------ GIVEN ENTRIES

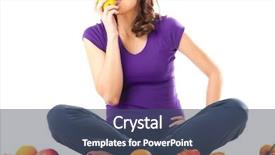  Presentation with children and healthy eating - Colorful slide deck enhanced with success or failing for free backdrop and a  colored foreground.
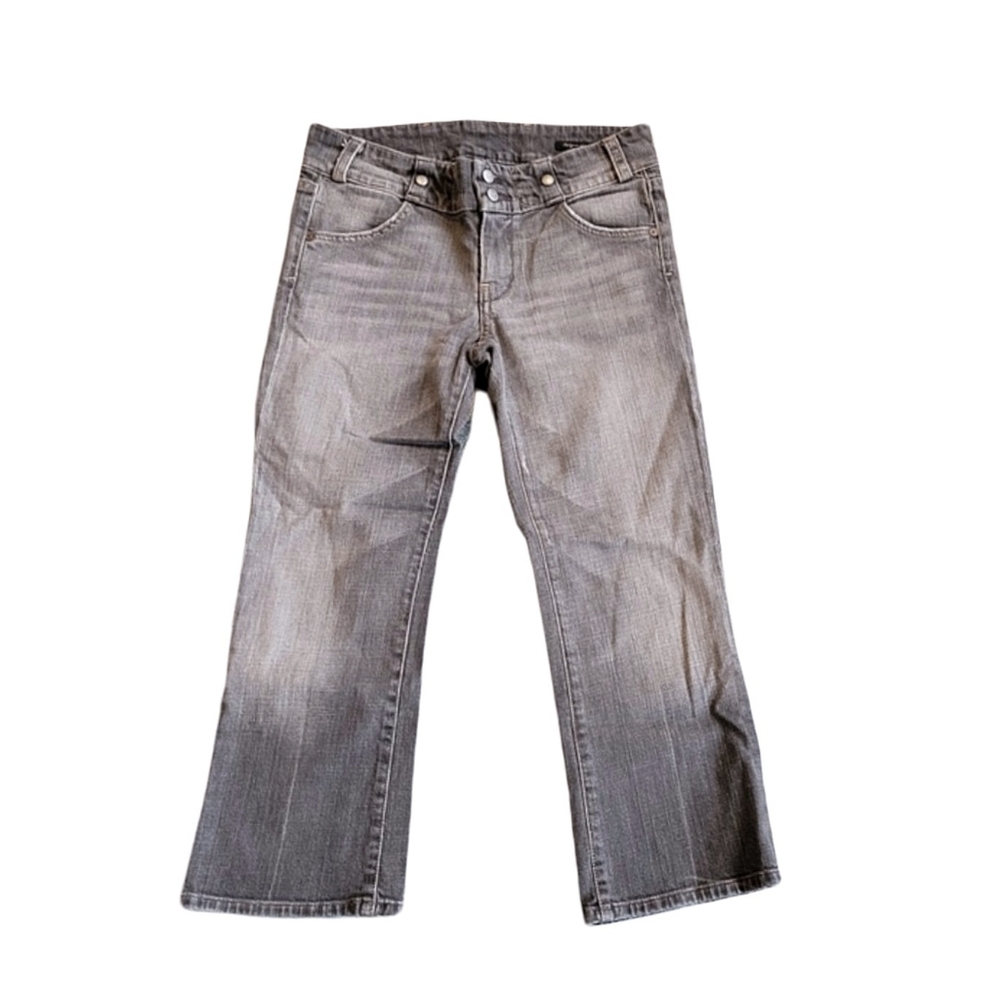 Citizens of Humanity Avedon Distressed Gray Low Rise Crop Jeans Size 29
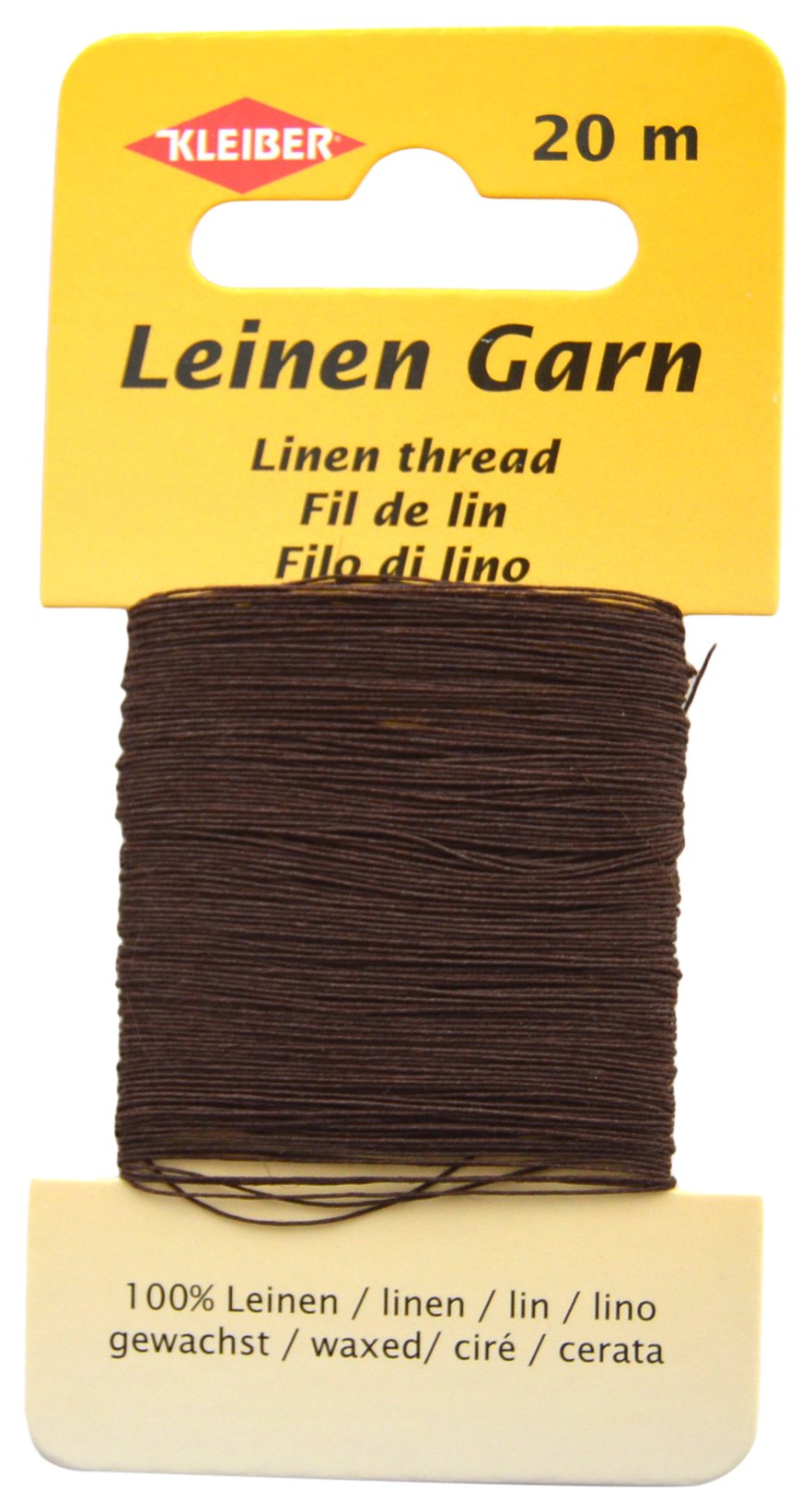 Kleiber 11.8 x 6.2 x 0.4 cm Linen Thread, Brown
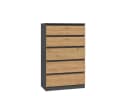 Raumhirsch Furniture Kommode Sideboard 70 cm Anthrazit Modern Bild 1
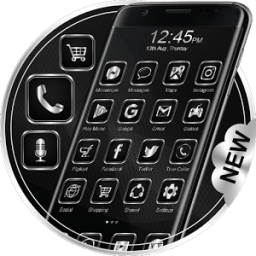 ikon Silver Launcher Theme Free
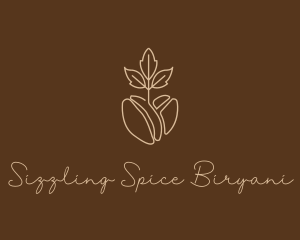 Organic Coffee Bean logo design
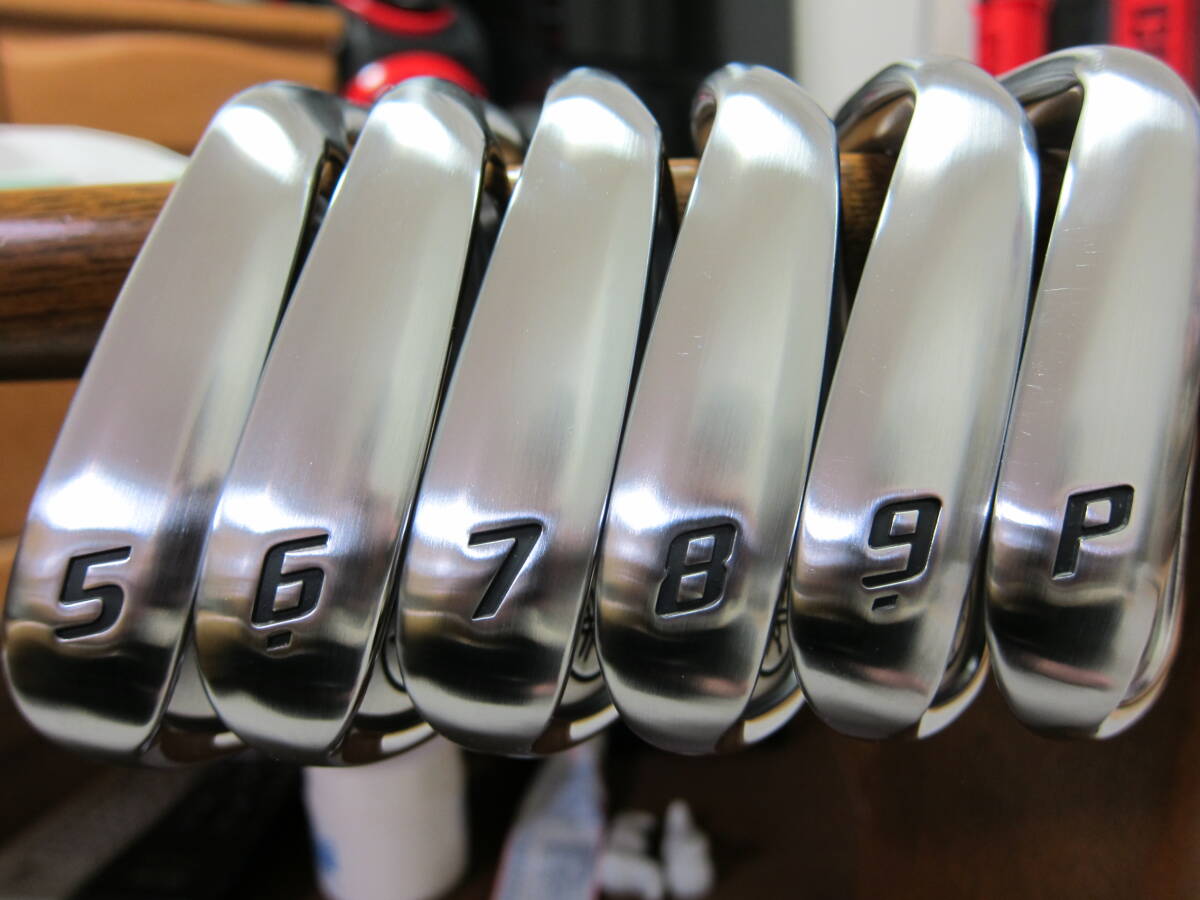 【ほぼ新品】ヤマハ リミックス フォージド アイアン 6本組(#5~9、PW) Rシャフト：N.S.PRO 950GH スチール YAMAHA RMX FORGED_画像4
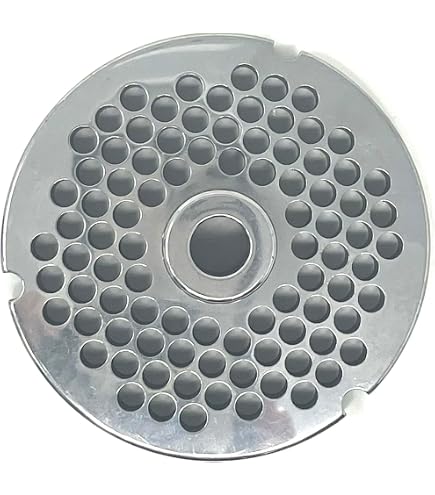 Smokehouse Chef #22 Meat Grinder Plate - 3/4" (20mm) Large Holes, 3 3/16" Diameter, Stainless Steel - View #2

------------

■ BRIEF ■
Pictures in the entries are to be skipped, and everything else repeated word for word.

■ SOLUTION TO THIS TASK ■
  Presentation with children and healthy eating - Colorful slide deck enhanced with success or failing for free backdrop and a  colored foreground.
 Citizens of Humanity Avedon Distressed Gray Low Rise Crop Jeans Size 29
 Kleiber 11.8 x 6.2 x 0.4 cm Linen Thread, Brown
 Raumhirsch Furniture Kommode Sideboard 70 cm Anthrazit Modern Bild 1
 ikon Silver Launcher Theme Free
 Organic Coffee Bean logo design
 【ほぼ新品】ヤマハ リミックス フォージド アイアン 6本組(#5~9、PW) Rシャフト：N.S.PRO 950GH スチール YAMAHA RMX FORGED_画像4
 Smokehouse Chef #22 Meat Grinder Plate - 3/4" (20mm) Large Holes, 3 3/16" Diameter, Stainless Steel - View #2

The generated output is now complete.